I have a hard time calling it a "church", so we'll stick with fellowship.  How nice it was to walk in and feel accepted for who you are, not what you chose to believe or hold as your spiritual practice.  How refreshing it was to read the 7 principles and think, where have you been, UUs, my whole life?  A place where they want you to find and search for your own path, wherever that may lead, as long as you respect others?  It was certainly kismet that I found this place at this time in my spiritual path.
Unitarian Universalist Principles
  1. The inherent worth and dignity of every person
  2. Justice, equity and compassion in human relations
  3. Acceptance of one another and encouragement to spiritual growth in our congregations
  4. A free and responsible search for truth and meaning
  5. The right of conscience and the use of the democratic process within our congregations and in society at large
  6. The goal of world community with peace, liberty, and justice for all
  7. Respect for the interdependent web of all existence of which we are a part.
From the time I was in and started meeting people in the CUUPS group I was accepted and treated with dignity and respect.  Unfortunately the group was apparently in the process of failing, but I kept going and maintained friendship with many of the Pagans I had met in that group as well as others of a earth centered spirituality I was finding.  To talk to people intelligently about differences of belief, ideas, and wisdoms and not be in a huge debacle because I didn't believe Jesus was my savior, wow!  I felt at home, accepted.

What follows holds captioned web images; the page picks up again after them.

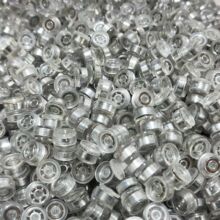 ƴ��diy���D�S���ֹ�������ͯ�L܇�������Ь�l����D���D�S��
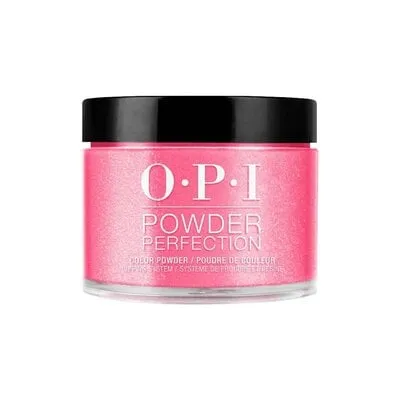 S081 - Dip - Dopa-Mani - 1.5 oz
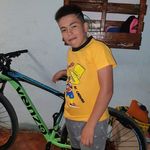 walter - @_walter_newellss10_ - Instagram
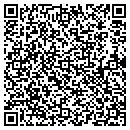 QR code with Al's Tavern contacts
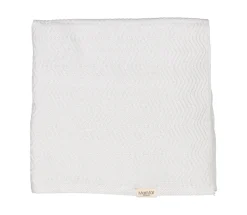 Alia, Blanket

Acceptance there led me to another group I found via a friend and the website  I have found that Pagans can be one of the most accepting groups, they accept your flaws, your ticks (my OCD at times....), your talents, your knowledge, and take you for you.  Many of the Pagans I have met have not asked much of me but an ear, maybe some help organizing something, but never to compromise myself.  I find it comforting that in our diverse set of backgrounds that make up the umbrella of groups labeled Pagan, I have never felt unaccepted.

And that acceptance led to my leap today, my leap to commit to a group larger than myself, my local UU Fellowship, that I will share with them my talents, wisdoms, and self to better our community, including my Pagan community, as a whole.